EXERCISE AIM: Please print the entries below exactly, from the line with "BMW 320d 12 of 23" through the line with "Bournemouth, BH1 - Photo 2", including both of those lines and leaving out all others.

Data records
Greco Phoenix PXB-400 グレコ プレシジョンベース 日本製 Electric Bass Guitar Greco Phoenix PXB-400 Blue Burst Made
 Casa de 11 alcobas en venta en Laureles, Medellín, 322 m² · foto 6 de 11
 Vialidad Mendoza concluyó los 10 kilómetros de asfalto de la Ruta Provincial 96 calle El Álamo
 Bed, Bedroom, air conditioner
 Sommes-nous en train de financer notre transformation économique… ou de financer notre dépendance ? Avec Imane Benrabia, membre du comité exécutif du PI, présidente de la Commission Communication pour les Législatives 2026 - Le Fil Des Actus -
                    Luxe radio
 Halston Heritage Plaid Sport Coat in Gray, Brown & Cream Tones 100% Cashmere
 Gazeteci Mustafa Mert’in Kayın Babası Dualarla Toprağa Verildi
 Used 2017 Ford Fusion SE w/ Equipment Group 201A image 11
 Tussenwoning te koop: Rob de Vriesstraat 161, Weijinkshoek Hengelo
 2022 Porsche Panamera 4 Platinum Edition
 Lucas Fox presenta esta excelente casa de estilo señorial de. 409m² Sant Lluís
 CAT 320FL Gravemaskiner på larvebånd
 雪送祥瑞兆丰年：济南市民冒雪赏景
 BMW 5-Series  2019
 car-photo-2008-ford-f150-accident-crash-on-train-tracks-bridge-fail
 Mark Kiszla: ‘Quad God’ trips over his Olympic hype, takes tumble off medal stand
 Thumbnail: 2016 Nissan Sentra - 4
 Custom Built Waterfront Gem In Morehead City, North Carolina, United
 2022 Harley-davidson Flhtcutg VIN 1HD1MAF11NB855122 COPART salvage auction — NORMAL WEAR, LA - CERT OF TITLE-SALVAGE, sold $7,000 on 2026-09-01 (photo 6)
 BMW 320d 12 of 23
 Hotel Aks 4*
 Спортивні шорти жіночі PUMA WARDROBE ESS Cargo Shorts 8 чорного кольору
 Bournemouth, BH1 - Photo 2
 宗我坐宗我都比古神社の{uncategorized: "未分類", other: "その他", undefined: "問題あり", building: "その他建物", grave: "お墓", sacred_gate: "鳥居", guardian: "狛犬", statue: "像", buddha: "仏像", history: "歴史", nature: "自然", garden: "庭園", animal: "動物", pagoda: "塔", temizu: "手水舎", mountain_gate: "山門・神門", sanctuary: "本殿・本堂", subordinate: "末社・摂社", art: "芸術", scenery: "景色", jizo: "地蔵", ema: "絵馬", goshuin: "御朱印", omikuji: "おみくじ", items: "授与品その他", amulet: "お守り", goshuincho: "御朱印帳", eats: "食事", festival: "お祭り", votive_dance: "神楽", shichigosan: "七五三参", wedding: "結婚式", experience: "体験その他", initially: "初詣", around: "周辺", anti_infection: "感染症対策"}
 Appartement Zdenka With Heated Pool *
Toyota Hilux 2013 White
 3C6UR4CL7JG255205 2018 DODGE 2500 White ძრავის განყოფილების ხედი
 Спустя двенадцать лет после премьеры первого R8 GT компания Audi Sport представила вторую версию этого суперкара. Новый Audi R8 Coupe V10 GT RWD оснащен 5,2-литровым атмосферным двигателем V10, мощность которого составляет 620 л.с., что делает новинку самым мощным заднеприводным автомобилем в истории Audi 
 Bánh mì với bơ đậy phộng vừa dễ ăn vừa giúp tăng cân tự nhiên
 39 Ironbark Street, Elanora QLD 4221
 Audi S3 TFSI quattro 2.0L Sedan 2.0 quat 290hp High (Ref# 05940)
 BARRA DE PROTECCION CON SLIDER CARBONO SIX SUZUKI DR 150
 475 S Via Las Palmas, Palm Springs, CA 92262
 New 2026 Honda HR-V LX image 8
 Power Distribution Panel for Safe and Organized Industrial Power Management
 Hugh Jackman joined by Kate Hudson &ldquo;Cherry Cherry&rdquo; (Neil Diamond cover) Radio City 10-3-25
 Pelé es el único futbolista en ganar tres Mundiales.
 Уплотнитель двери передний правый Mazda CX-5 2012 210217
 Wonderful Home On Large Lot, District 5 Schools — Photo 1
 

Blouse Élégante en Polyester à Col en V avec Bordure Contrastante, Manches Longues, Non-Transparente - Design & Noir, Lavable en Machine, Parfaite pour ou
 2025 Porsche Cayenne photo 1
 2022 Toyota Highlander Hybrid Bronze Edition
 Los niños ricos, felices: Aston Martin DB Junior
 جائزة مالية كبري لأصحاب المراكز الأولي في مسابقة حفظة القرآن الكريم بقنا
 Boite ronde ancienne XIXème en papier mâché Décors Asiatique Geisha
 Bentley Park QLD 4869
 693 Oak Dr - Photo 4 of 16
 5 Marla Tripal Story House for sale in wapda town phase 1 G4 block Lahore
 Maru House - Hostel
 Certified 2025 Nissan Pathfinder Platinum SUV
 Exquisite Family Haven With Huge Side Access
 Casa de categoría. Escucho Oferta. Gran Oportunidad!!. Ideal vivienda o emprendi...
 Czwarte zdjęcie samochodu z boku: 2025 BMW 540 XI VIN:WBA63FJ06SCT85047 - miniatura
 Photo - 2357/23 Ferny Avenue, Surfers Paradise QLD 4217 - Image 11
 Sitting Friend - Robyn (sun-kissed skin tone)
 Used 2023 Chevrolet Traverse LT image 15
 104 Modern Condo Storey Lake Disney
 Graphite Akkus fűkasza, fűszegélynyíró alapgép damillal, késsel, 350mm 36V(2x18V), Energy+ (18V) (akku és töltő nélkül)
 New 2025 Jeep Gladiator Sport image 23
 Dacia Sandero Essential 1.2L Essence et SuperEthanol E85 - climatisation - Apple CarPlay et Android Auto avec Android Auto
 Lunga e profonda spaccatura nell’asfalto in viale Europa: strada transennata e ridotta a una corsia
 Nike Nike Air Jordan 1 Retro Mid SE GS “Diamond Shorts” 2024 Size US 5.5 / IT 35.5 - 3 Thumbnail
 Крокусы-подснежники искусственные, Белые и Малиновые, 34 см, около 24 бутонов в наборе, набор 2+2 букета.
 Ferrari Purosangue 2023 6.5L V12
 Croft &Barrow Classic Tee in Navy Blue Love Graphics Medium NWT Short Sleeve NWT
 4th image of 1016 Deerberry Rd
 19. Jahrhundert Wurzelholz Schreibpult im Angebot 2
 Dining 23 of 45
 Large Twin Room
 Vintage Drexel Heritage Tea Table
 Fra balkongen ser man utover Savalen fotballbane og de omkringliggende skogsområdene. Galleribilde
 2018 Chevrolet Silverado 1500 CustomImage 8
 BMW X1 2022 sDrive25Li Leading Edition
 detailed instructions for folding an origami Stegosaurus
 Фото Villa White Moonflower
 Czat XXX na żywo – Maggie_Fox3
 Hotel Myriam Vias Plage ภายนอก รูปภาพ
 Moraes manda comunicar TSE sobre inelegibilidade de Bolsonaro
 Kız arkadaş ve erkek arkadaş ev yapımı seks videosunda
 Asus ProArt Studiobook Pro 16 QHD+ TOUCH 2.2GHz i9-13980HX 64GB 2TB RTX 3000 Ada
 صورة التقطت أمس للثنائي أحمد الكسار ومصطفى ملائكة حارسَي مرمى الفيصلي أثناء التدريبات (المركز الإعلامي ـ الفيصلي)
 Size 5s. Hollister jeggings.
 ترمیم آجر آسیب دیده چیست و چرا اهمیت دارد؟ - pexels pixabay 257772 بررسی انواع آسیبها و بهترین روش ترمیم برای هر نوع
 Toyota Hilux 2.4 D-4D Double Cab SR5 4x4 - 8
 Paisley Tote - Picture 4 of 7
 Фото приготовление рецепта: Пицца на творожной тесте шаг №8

EXPECTED ANSWER:
 BMW 320d 12 of 23
 Hotel Aks 4*
 Спортивні шорти жіночі PUMA WARDROBE ESS Cargo Shorts 8 чорного кольору
 Bournemouth, BH1 - Photo 2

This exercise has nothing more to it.